How can you manage large volume of data using Apache Cassandra NoSQL database?

Overview: Apache Cassandra is one of the most popular and scalable open source NoSQL database. Cassandra is an ideal database for managing huge volume of unstructured, semi-structured and structured data across multiple data centers and the cloud environment. Cassandra delivers high scalability and availability across many commodity servers without compromising performance. With this model there is no single point of failure, and it provides a powerful data model for maximum flexibility and fast response time. Linear scalability and a fault tolerant hardware or a cloud infrastructure makes a perfect combination for any critical data.

Introduction: Relational databases are very good in solving certain type of data storage problems. But as the focus is different for RDBMS, it creates problem when scaling up for large volume of data. So, we need to find a way to get rid of the joins. This will result in de-normalizing the data. This will lead to maintain multiple copies of data and also cause a huge damage to the design, both in the database and in the application. In this condition solutions provided by NoSQL seems to be less radical and less scary than we may have thought. The design goal of NoSQL database has to understand clearly before implementing it in any application.

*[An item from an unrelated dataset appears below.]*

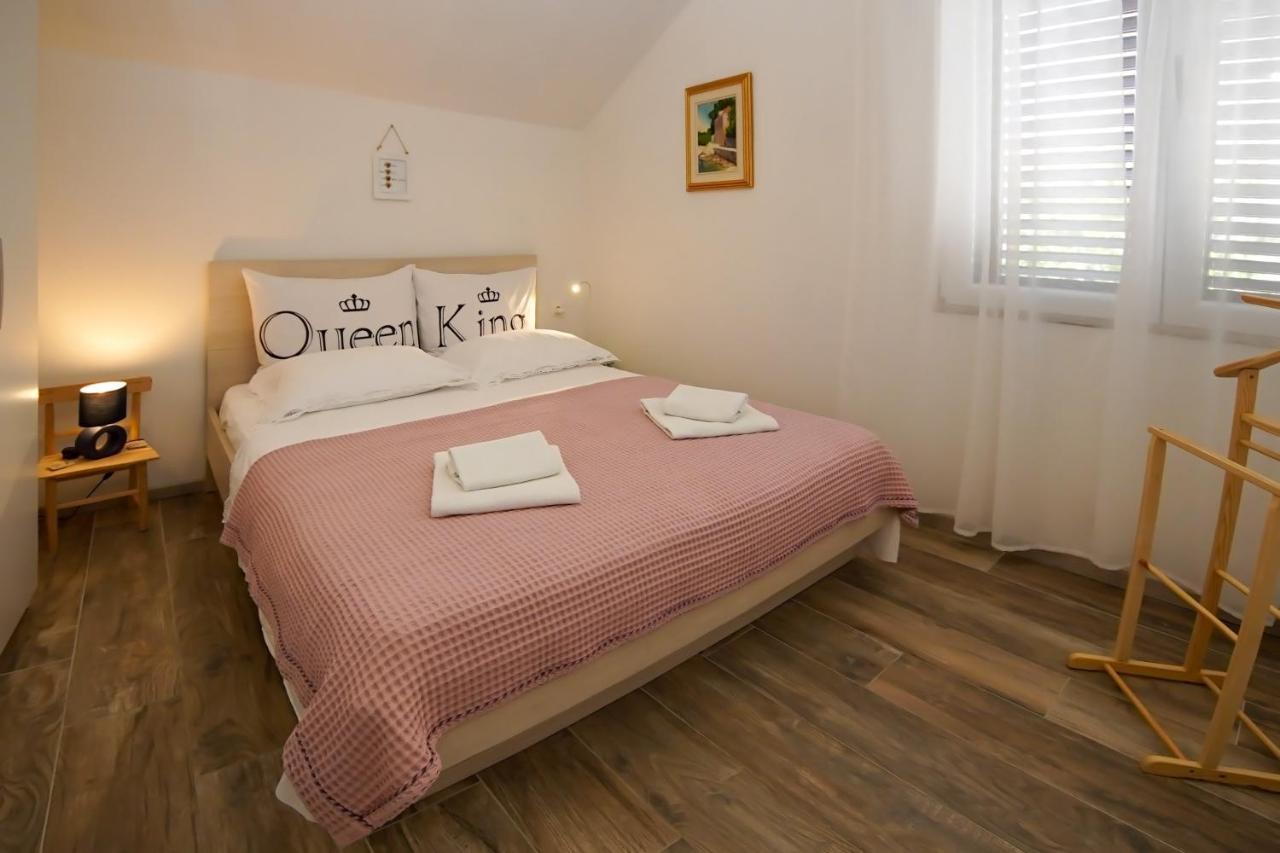 Kaprije Apartmani Tina I Ena Eksteriør billede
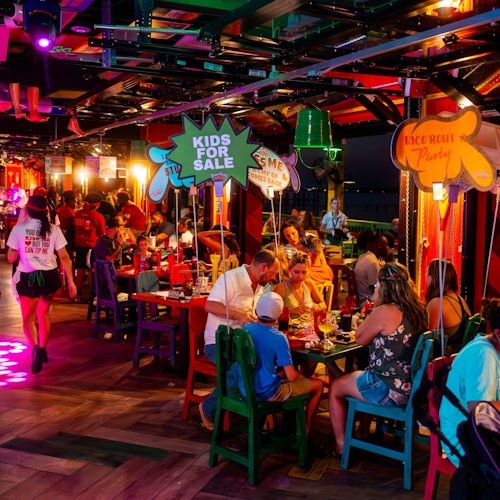 Señor Frog's Los Cabos: Frog's Pass — gallery 2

Design goals of Cassandra NoSQL database: The design goals of NoSQL database are completely different from relational database. So the choice of using NoSQL DB or RDBMS also depends upon the type of application and its requirement. As we know that ACID transaction provides a strong consistency model for all web applications developed and designed traditionally. But when we think about scalability, it comes at a cost and conflicts some of the rules followed in RDMBS design. So promoting availability over consistency is one of the key design factors for NoSQL databases. Common design goals followed of Cassandra are stated below.

High performance
Horizontal scalability
Simplicity
Schema flexibility

Cassandra architecture to manage large data volume: As we all know that NoSQL databases are distributed on a number of commodity nodes. Cassandra is also distributed on a number of nodes and it follows ‘masterless’ architecture. ‘Masterless’ architecture means, all nodes are same and there is no single node which controls other nodes. Cassandra automatically distributes data across all the commodity nodes which forms the ‘ring’ known as database cluster. As the data is automatically and transparently partitioned on the cluster, developers do not need to do anything programmatically. Another important feature of Cassandra architecture is its support for in-built and customizable replication. The redundant data is stored across multiple nodes in the Cassandra ring. So if there is any failure in any node, the same data is retrieved from other nodes having replicated data. The replication can be configured in the following ways.

Across one data center
Across multiple data centers
Across multiple cloud infrastructure

Another architectural feature is the support for linear scalability. It means the capacity or scalability can be increased by just adding new nodes. For example, if 2 nodes can handle 1000 transactions/sec, then 4 nodes will support 2000 transactions/sec and so on. Following picture shows the linear scalability of a Cassandra ring.

Cassandra Ring

Accessing large volume of data: The first thing which comes into mind is the availability of different client libraries when developing database driven application. For RDBMS products the available libraries are straight forward. For example, JDBC is the standard database access API for Java based applications. Normally there is a single JDBC driver vendor for a particular type of database product. On the other hand, Cassandra has approximately nine different clients for Java application development. And the most important thing is that, these clients provide different flavors for managing the data. Some are providing object relational mapping APIs, some are offering CQL based support and many more. So the flexibility for accessing the NoSQL DB is another major advantage for application development. The developers can choose the type of access according to their requirement.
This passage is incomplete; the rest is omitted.